[OpenAFS] Problems with 1.4.1 (built 2006-04-11) on AIX 5.3 ML03

Tom Keiser tkeiser@gmail.com
Fri, 9 Jun 2006 17:26:04 -0400

On 6/9/06, Tomasz Skarupa <tomasz.skarupa@gmail.com> wrote:
> I help in the administration of the cell enea.it.
> We are migrating our AIX fileservers [AIX 5.3 ML03] from AFS Transarc
> 3.6 2.38 (inode) to OpenAFS (namei).
> Version OpenAFS 1.4.0 works well but we have tried also version 1.4.1
> built 2006-04-11 and there we have two problems:

Hi Tomasz,

If you want to run 1.4.1 on AIX in production, I strongly recommend
recompiling with largefile support disabled.  When I packaged 1.4.1
for openafs.org, I left largefile support turned on, which I admit was
a mistake.  I thought I had solved the AIX largefile problems a few
months ago, but since then several new bugs have been uncovered.  I'm
working on a patch this week to clean up the AIX largefile builds, and
with any luck that patch will make it into 1.4.2 (but it's not my call
to make).

> 1) frequent [every 2-3 days] coredumps:
> Segmentation fault in rxkad_DecryptPacket
> the output of dbx (with showProcInfo script) is shown at the end of
> the E-mail

Is there any chance you can reproduce the rxkad crash on a fileserver
compiled with debug symbols?  The stack traces without symbols are
rather useless.  If you don't feel like rebuilding openafs yourself,
let me know and I can supply you with a debug build.

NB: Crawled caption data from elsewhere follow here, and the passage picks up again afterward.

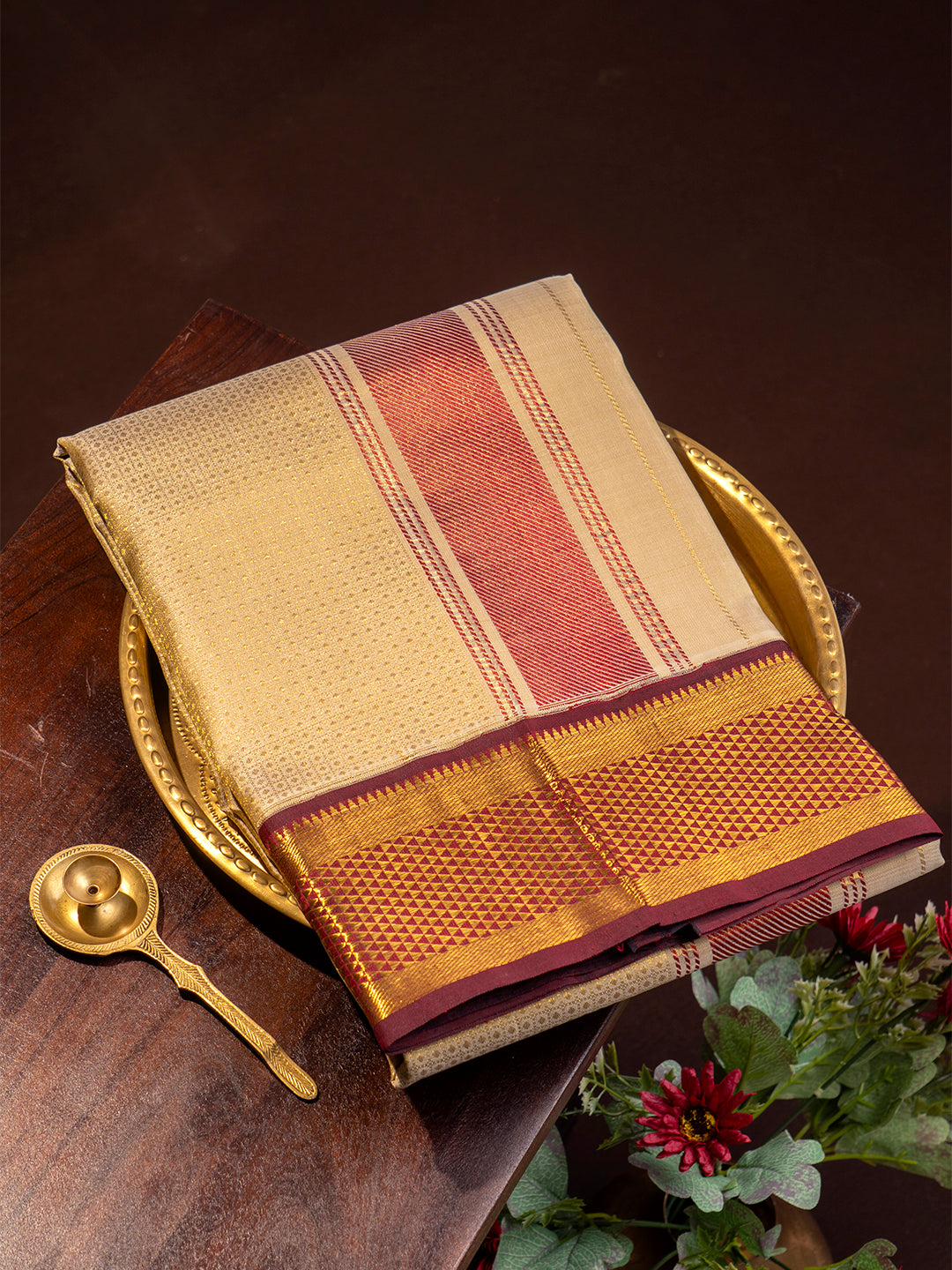 Men Premium Pure Silk Fawn Dhoti & Towel Set with 2-gram Gold Coating Jari Border Amirtham 02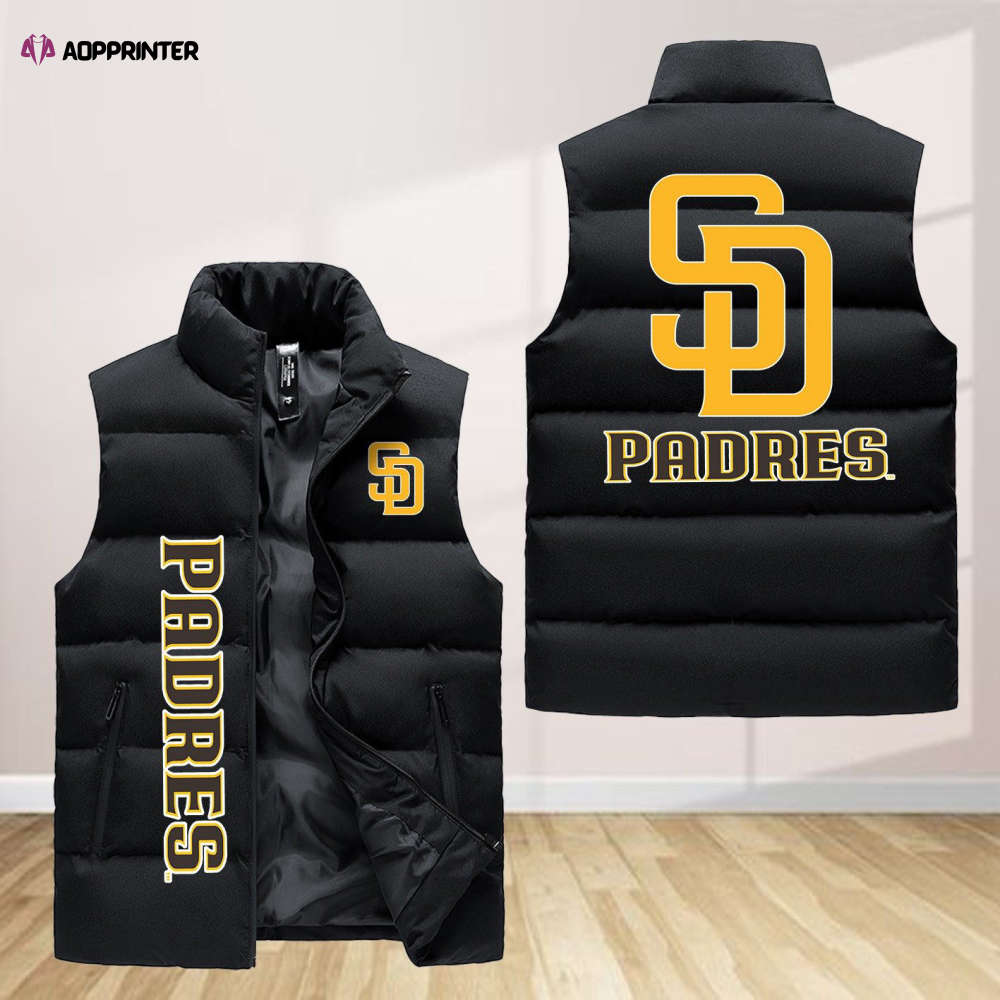 san diego padres sleeveless puffer jacket custom for fans spj0388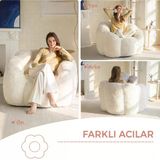 puffiber Puf Koltuk Çiçek Tasarımlı Peluş Armut Koltuk Rahat TV ve Okuma Koltuğu 105x80 cm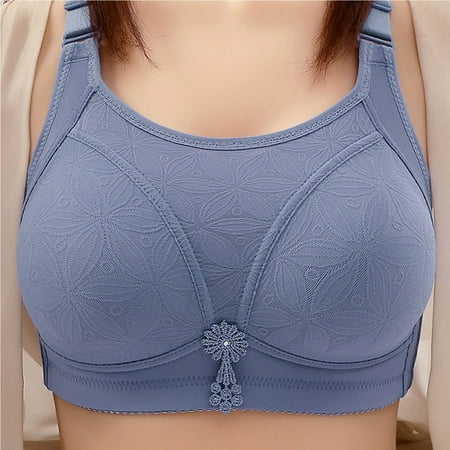 Elvqul Womens Push-Up Bras Wireless Standard Straps Blue Bralette Solid Underwire Comfort Underwear High Support Nylon Bras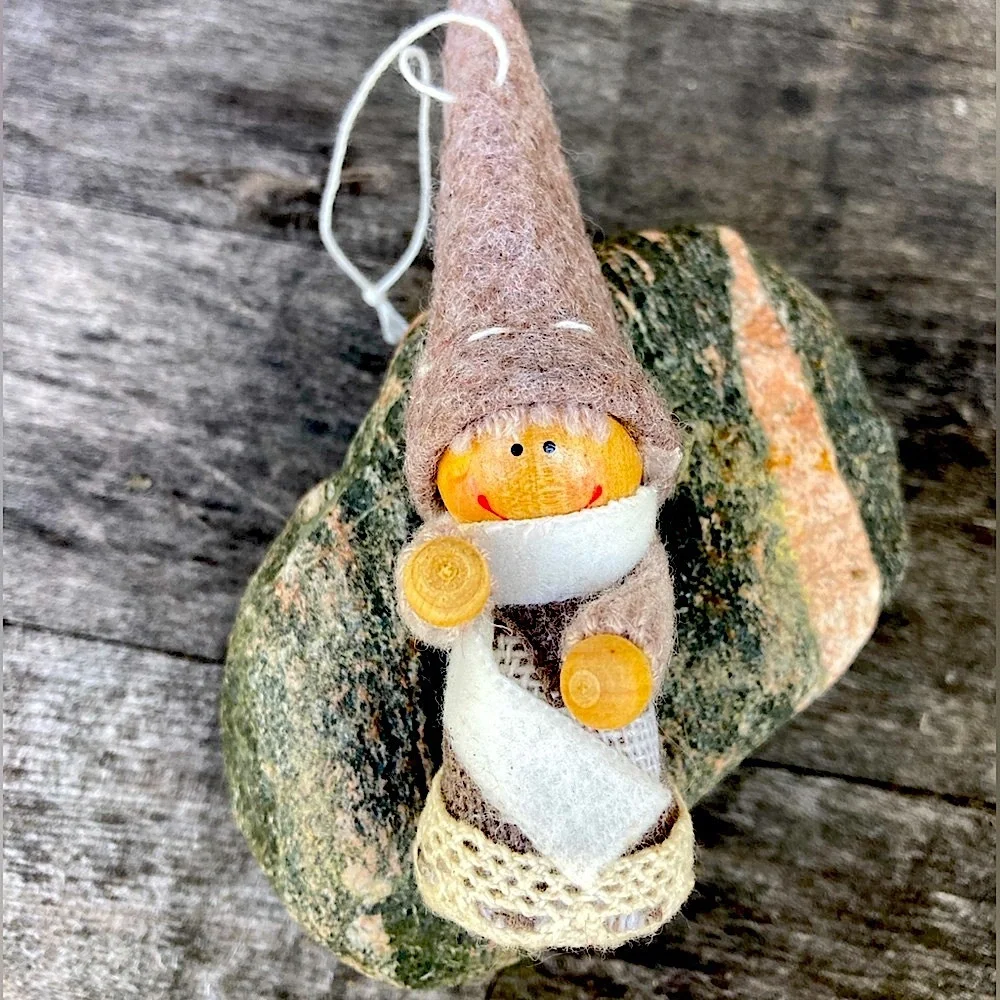 HANDMADE Ornament Christmas Santa Elf Germany Gray Red White Wood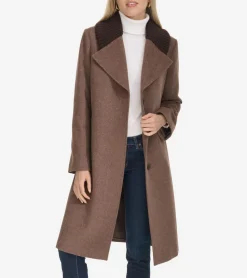 Cole Haan Wool Coats|Peacoats & Blazers*Women's Knit-Collar Coat Portobello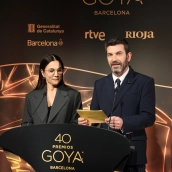 Arturo Valls y Toni Acosta en la lectura de nominaciones de la 40 edición de los Premios Goya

I have a hunch it's being caused by the false assumption that struct
rxkad_cprivate and struct rxkad_sprivate have field type at the same
offset, but it would be nice to get confirmation on this...

> 2) after about a day it does not answer to vos listvol commands, while
> bos status results are normal.

Yeah, all bos status will tell you is whether or not the volserver
process is still running.  It would be really helpful if you could
send stack backtraces (with debug symbols) for all the volserver
threads, and all the fileserver threads.  This sounds vaguely like a
bug in fssync.